[Start of section]

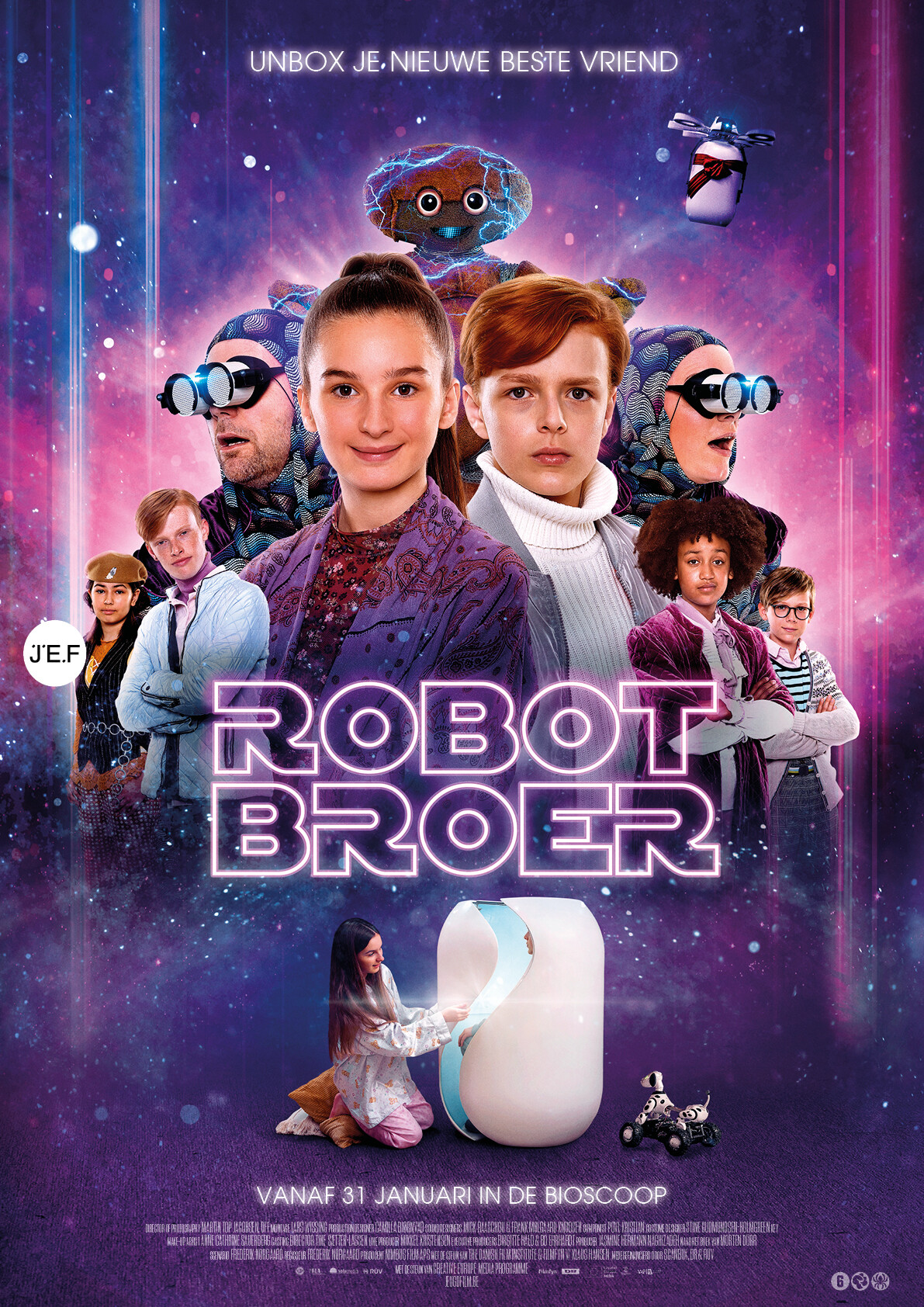 robotbroer poster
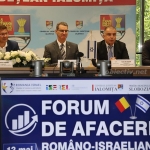 Forum De Afaceri Romano Isralelian Slobozia Ialomita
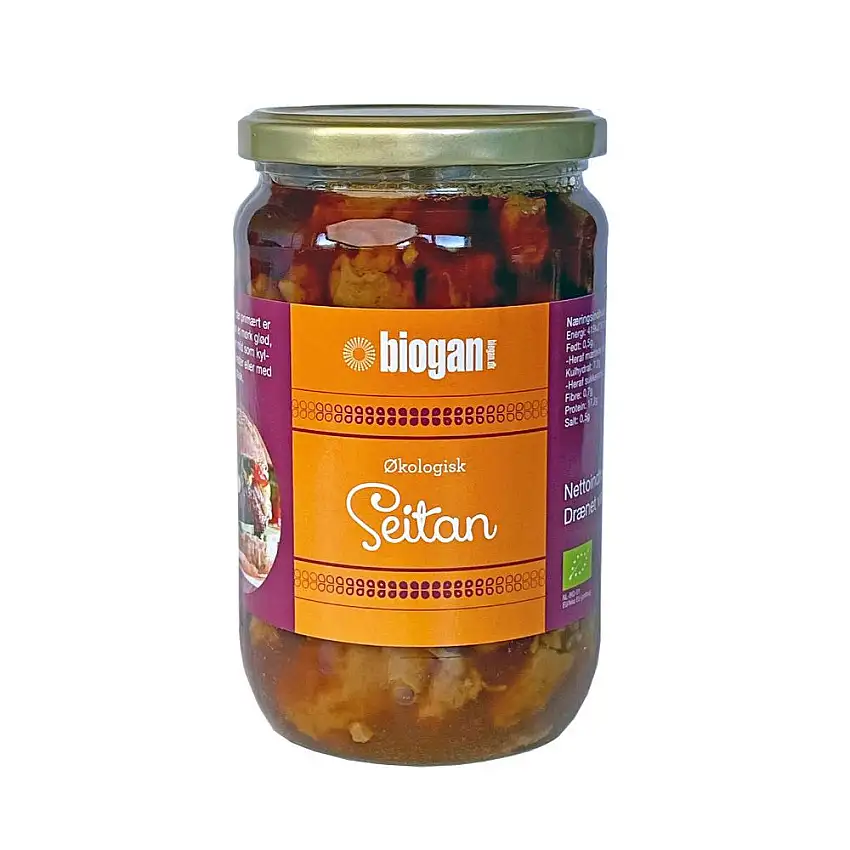 Biogan Seitan Ø - 700 ml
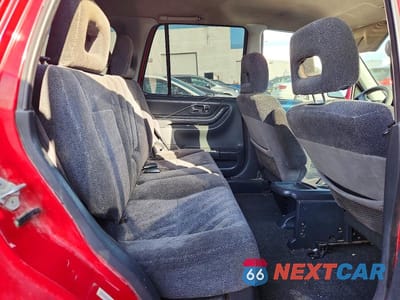 Zdjęcie 10 z 12 samochodu: 2000 HONDA CR-V EX VIN:JHLRD1856YC808092 - miniatura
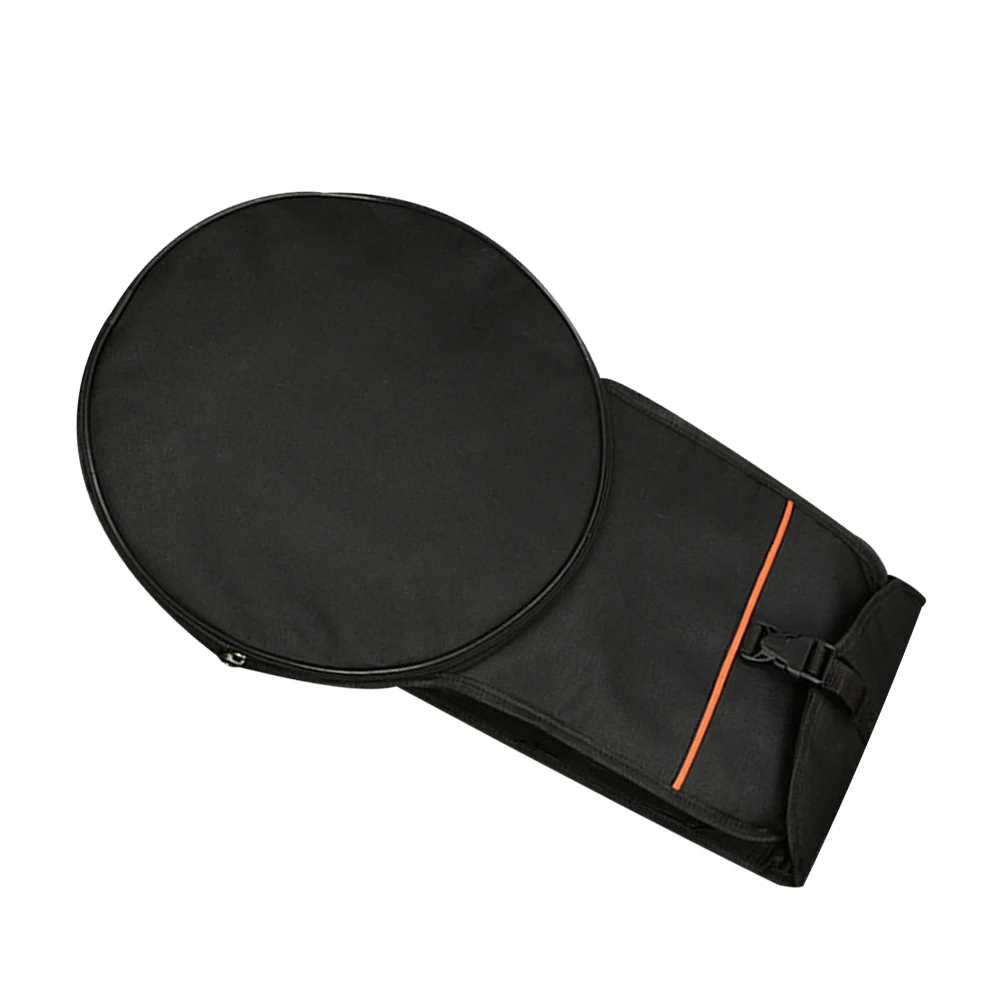 

Dumb Drum Storage Backpack Cymbals Bag Bags and Cases Carrying Kit Accessories Hardware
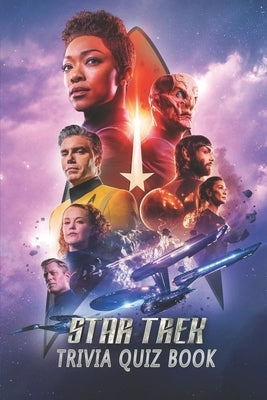 Star Trek: Trivia Quiz Book by Robert Larso, Natha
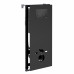 Система инсталляции для унитазов WasserKRAFT Abens 20TLT.010.ME.BL.MB03  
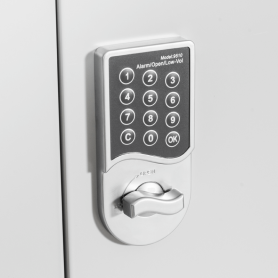 Метален шкаф Carmen  ⋙ на цена от 480.00лв  - Allegro-bg.com 2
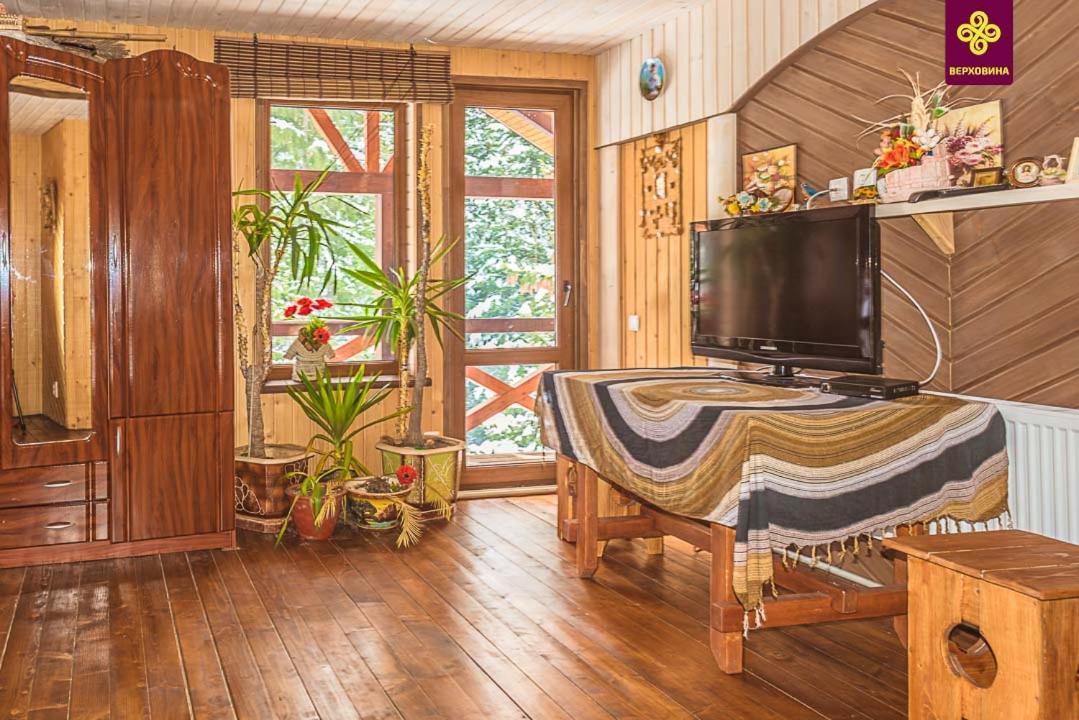 מלון ורחובינה Kitica House מראה חיצוני תמונה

[End of section]

# [Your assignment]
Print every line of the material exactly as written, but drop the pictures.

# [Exercise response]
 robotbroer poster
 Forum De Afaceri Romano Isralelian Slobozia Ialomita
 Biogan Seitan Ø - 700 ml
 Zdjęcie 10 z 12 samochodu: 2000 HONDA CR-V EX VIN:JHLRD1856YC808092 - miniatura

Dumb Drum Storage Backpack Cymbals Bag Bags and Cases Carrying Kit Accessories Hardware
 Star Trek: Trivia Quiz Book by Robert Larso, Natha
 Система инсталляции для унитазов WasserKRAFT Abens 20TLT.010.ME.BL.MB03  
 Метален шкаф Carmen  ⋙ на цена от 480.00лв  - Allegro-bg.com 2
 מלון ורחובינה Kitica House מראה חיצוני תמונה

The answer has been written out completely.